Por lo demás, hay un rasgo trágico y mítico en las dos parejas de la familia. El Padre y la Hermana sostienen una relación incestuosa en la que el primero simboliza la dominación material y espiritual, al someter familia y pueblo por mandato divino de la sangre, pareja esta que representa la barbarie —y que anticipa algunas novelas latinoamericanas de dictadores—. Y la pareja más progresista de la Hermana y el Hermano —quien se subleva ante el padre y se une a la huelga—, con valores de justicia social, educados entre lo lúdico y lo erótico, que representa la civilización. Ninguna de ellas gana o pierde —y aquí reside la tragedia, como dice Pablo Montoya—, sino que se perpetúa el lastre atávico, se reemplaza un odio por otro.
En últimas, la novela sugiere un acto de contrición colectivo entre víctimas o victimarios, por nuestra amnesia e impunidad ante la infamia de nuestra historia, semejante a la actualidad. Y su juego poliédrico del tiempo y del espacio se plantea como un desafío, una fractura del tiempo del odio y la soledad, un rompecabezas de la memoria.
El libro se cierra con la serie de Los cuentos de Juana, que defrauda por desigual y gusta por lo excéntrica. Con el personaje principal aquí y allá, observamos que Cepeda podría haber ejecutado un plan, no sin éxito, si hubiera evitado envolver a Juana en una atmósfera fragmentaria, forzadamente, con el ánimo de que el libro fuera novela.

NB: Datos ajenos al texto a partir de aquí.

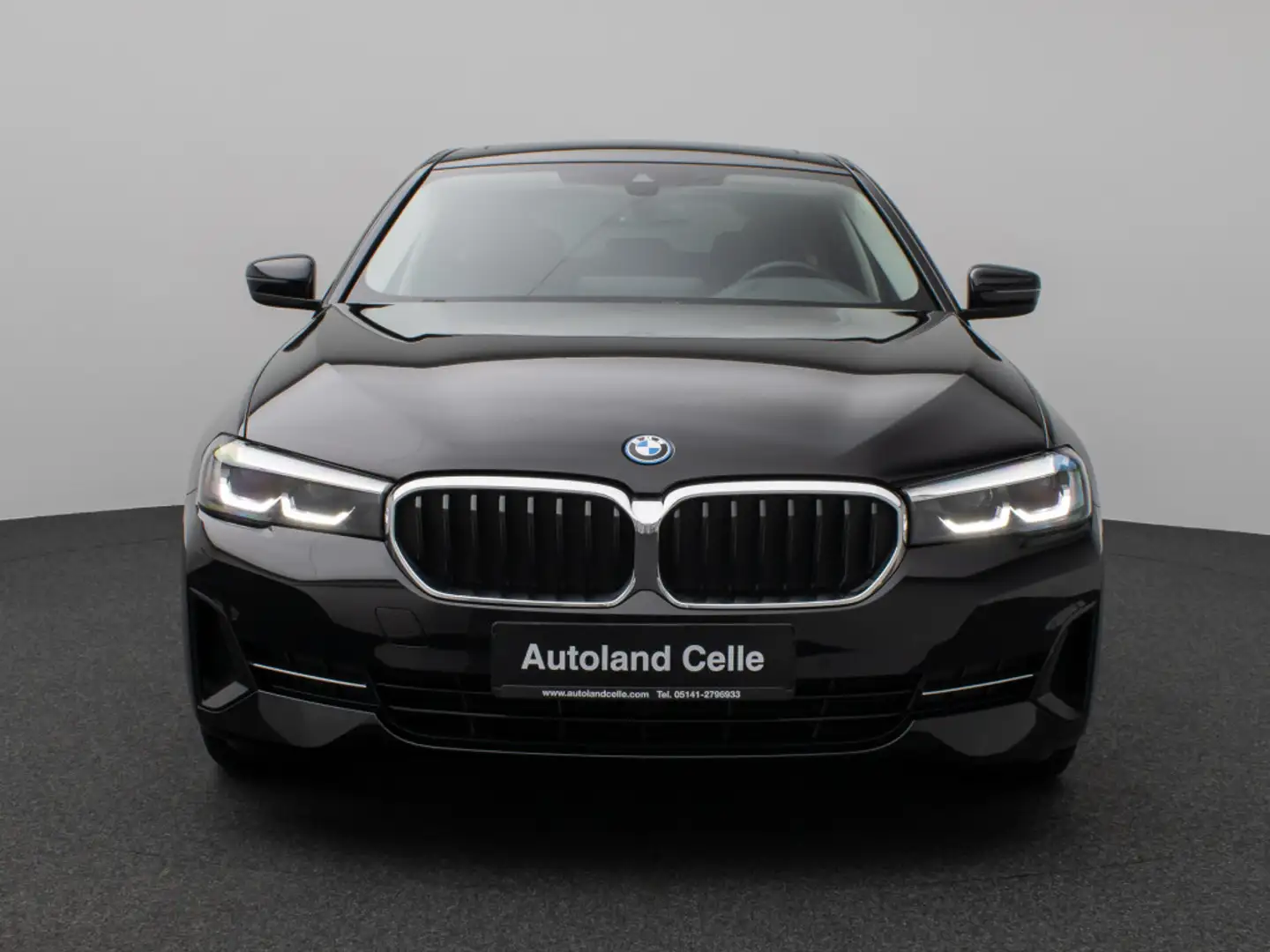 BMW 530 xD Panorama Kamera CockPiPro DAB Alarm LED Schwarz - 2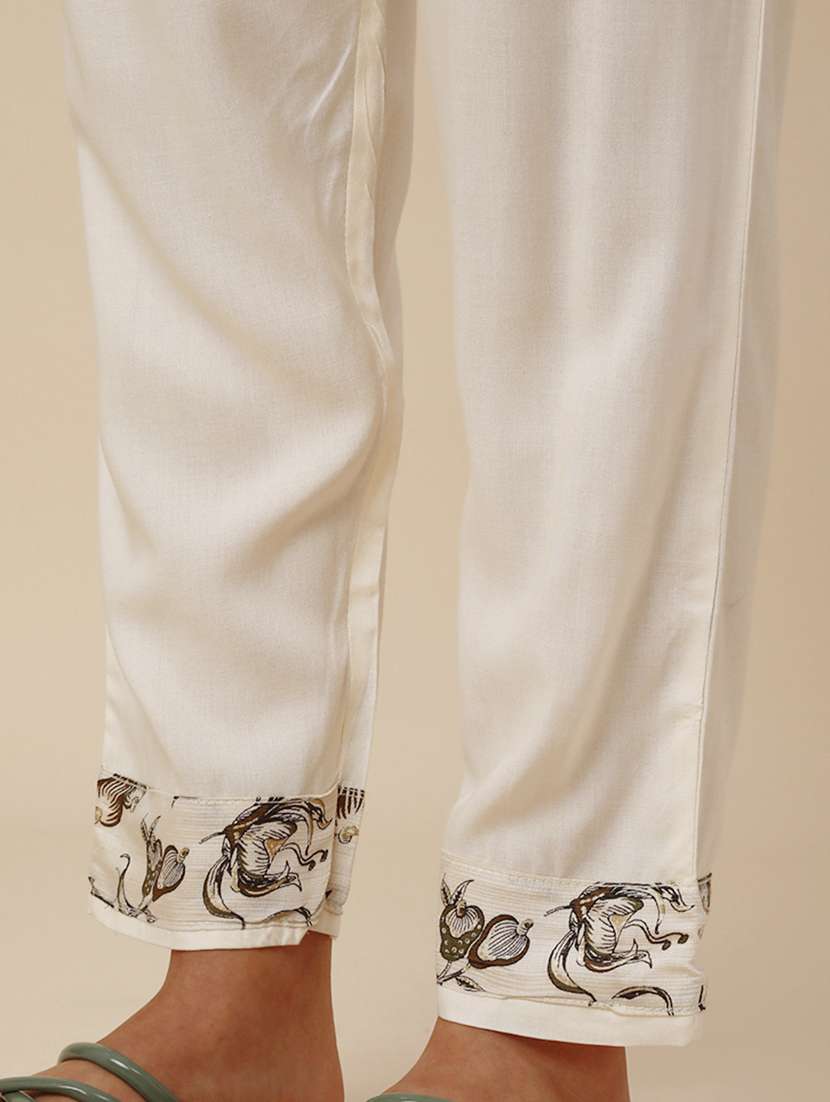 white cotton kurta dupatta  set - 22391459 -  Standard Image - 5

Juana es ciega en un cuento, tiene cabellos de oro y es hija de una pianista aficionada que vive en Ciénaga. Juana es individualista, mata futbolistas con una cerbatana, se casa y se suicida el día de su matrimonio. En un afilado cuento, juega a la charada con Bartolomé de las Casas. En otro se mete de puta por la veta erótica que descubre en la Biblia. Para algunos críticos, Juana es un álter ego de Cepeda por ser transgresora en un medio hostil. Aquí también aparece el Padre atroz de La casa grande con rasgos más humanos, pero las mujeres heredan el mismo fracaso y desgracia, y el tema del odio se siente retórico y fatigado. Y si en Todos estábamos a la espera cada cuento era la aventura y forma de un relato, en Los cuentos de Juana la anécdota y lo regional son centrales y se relacionan con la actividad cinematográfica de Cepeda.
Decía Pascal que solo creía en los relatos de los testigos que habían muerto en la batalla. Pero un muerto no puede relatarnos nada. Y la paradoja de esta idea nos lleva a creer que en la gran literatura el hecho poético pesa más que el hecho histórico, que allí late un sentido más creador de la historia, como dice Lezama. Pues si es necesario morir en la batalla para hacer el relato, es que hay una forma superior de relatar, una forma de morir para ser otro. Y Cepeda logró ser otro. Murió a los 46 años y de tres batallas ganó dos.